Boston University

From: Glenn Bresnahan, IS&T/Director Scientific Computing and Visualization (glenn@bu.edu)
Subject: SCC Performance Issues
Date: August 14, 2013

Dear Colleague,

Over the last few weeks we have been experiencing a number of stability and performance problems on the Shared Computing Cluster. I am writing to you to inform you about these problems and the actions we are taking to address them, and to assure you that resolving these problems remains our highest priority. We sincerely apologize for any issues these have caused for you and your collaborators.

Nearly all the problems that we have seen have been related to file system access. In an effort to get to the root cause of the problem, we instrumented the system, and were able to identify two distinct problem scenarios.
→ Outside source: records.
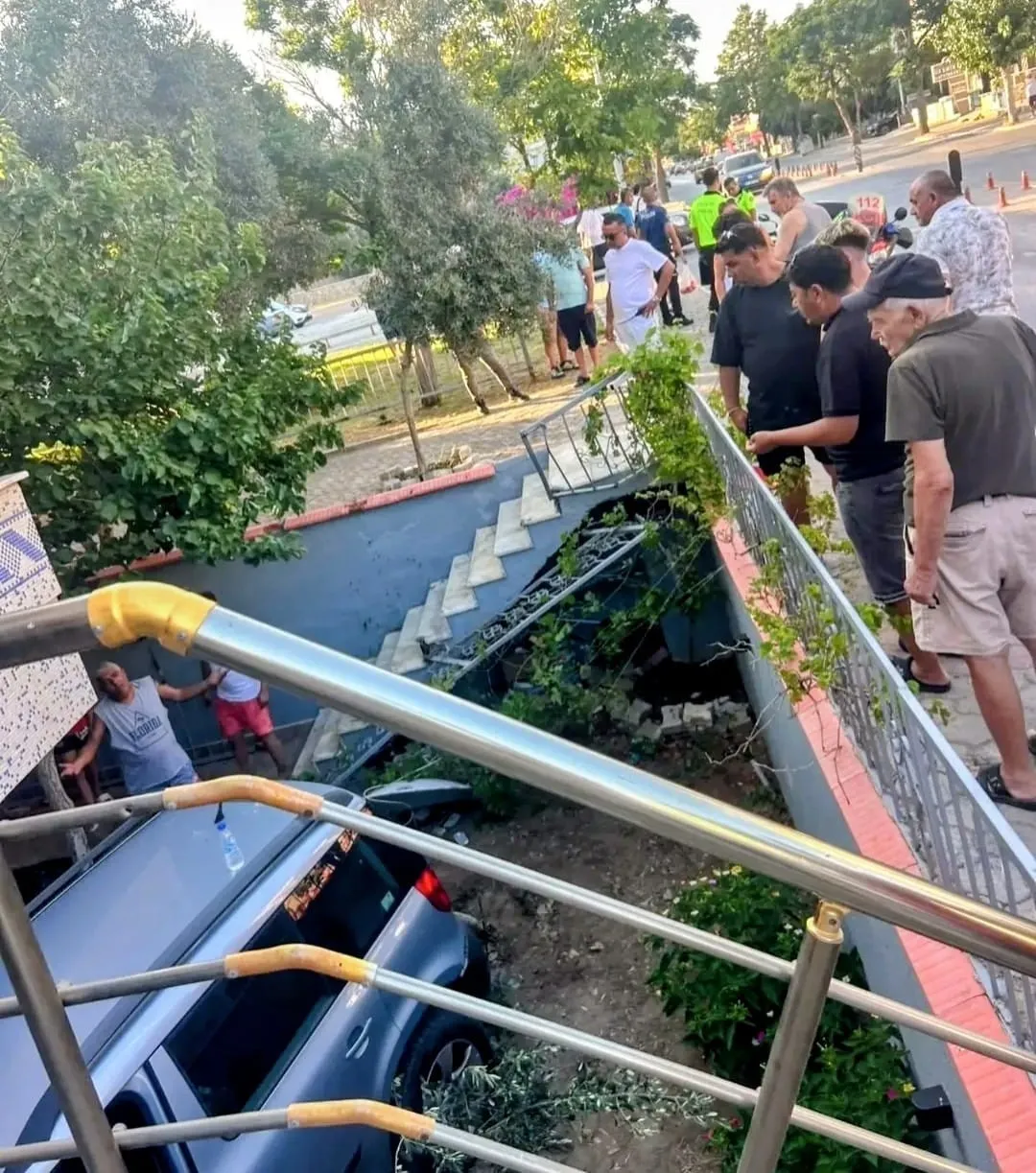 Didim'de kontrolden çıkan araç apartman bahçesine girdi: Sürücü mucizevi şekilde kurtuldu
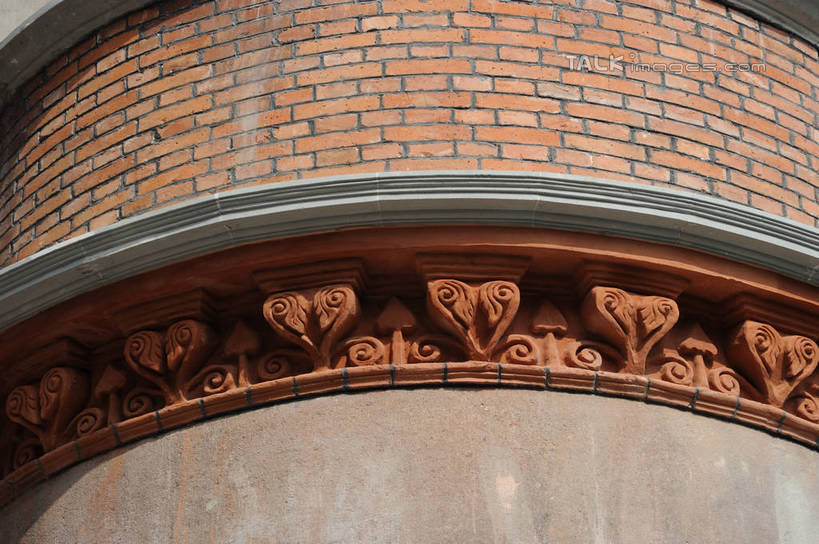 无人,家,横图,室外,特写,白天,仰视,度假,绘画,建材,美景,窗户,城市风光,标志建筑,城市,地标,建筑,雕塑,上海,中国,亚洲,艺术,装饰,标志,材料,雕刻,雕像,浮雕,文字,砖,砖块,字符,房屋,墙,屋子,景观,公寓,建筑群,文化,娱乐,标识,建设,洋房,圆明园路,楼房,玻璃窗,墙壁,墙面,住宅,工艺品,享受,休闲,汉字,砖头,景色,放松,建造,红砖,纪念,美术,申,中文,主题,陈列,黄浦区,外滩源,圆明园公寓,东亚,上海市,中华人民共和国,沪,华东地区,功能,美学,国文,华文,石料,画画,彩图,低角度拍摄,房子,砌墙砖,shzxz1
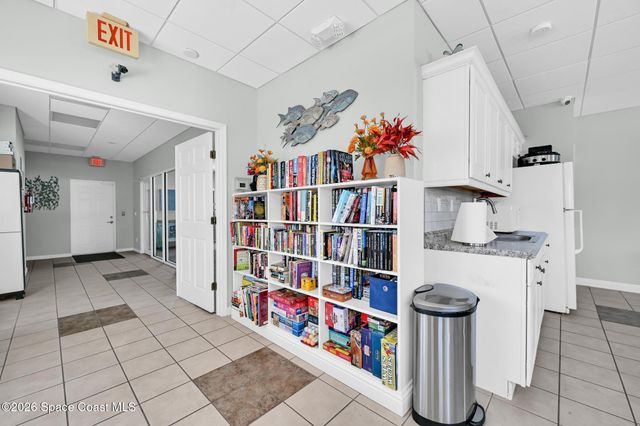 568 7th Square 101, Vero Beach, FL 32962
In the first scenario, particular applications have swamped the file servers, causing a severe impact on file system performance for all users. In most of these cases we have developed mitigation plans to either workaround the problem or to provide us with early warning signals so that we can intervene with corrective actions. We are also working with the individual researchers to prevent future occurrences of the problem. We will continue to diligently monitor the system for performance degradations and investigate all such issues.

In the second scenario, one or more bugs in the Linux kernel have created instabilities in the file servers. The bug which we believe is primarily responsible has also been reported by others, but no patch is yet available. We are continuing to monitor the situation, collect and analyze trace data, and explore workarounds and other strategies for resolving the problem should a fix not be forthcoming. In no cases have we lost any data on the file system. In most cases, the file system servers have detected an error, failed-over, and rebooted to self-correct the problem. In these cases, the problem would have been seen as a pause, the file server returning to service within approximately eight minutes. However there have been a few cases in which manual intervention was required resulting in the file system being unavailable for a more extended period. In either case, batch jobs generally did not terminate and continued to run once file access was restored.

In addition to tracing the root cause of the remaining problems, we are also planning to add additional hardware to make the file system more resilient to failures, to increase the overall system capacity and to reduce the impact of failures on interactive jobs. As soon as possible, we will acquire and deploy an additional two redundant file servers, bringing the total number to five. This will allow the file system to withstand failures on two of the five servers. The additional file servers will also allow us to dedicate file servers specifically to interactive jobs with the intent of reducing the impact to these jobs in the event of other failures.

Additionally, we are investigating a number of possibilities to improve the performance of interactive applications, particularly applications with graphics interfaces (GUIs), which has been impacting individual application users. The set of things we are exploring ranges from changes to the base networking configuration to new applications software that provides better performing remote desktop capabilities. We hope to provide more information on these in the very near future.

We are also instituting a set of procedures to better communicate about any problems that the system may be experiencing. At the top of the SCC updates pages (http://www.bu.edu/tech/about/research/computation/scc/updates/) is a colored indicator reflecting the current status of the system. Clicking on that indicator will provide additional details regarding any on-going issues. In the future we will populate that page with additional real-time system performance measurements.

Again, we deeply apologize for any problems which you may be experiencing as we bring this new system into production. We sincerely appreciate your patience. We are confident that we will be able to resolve all of these problems and provide a stable and productive platform for your computational research.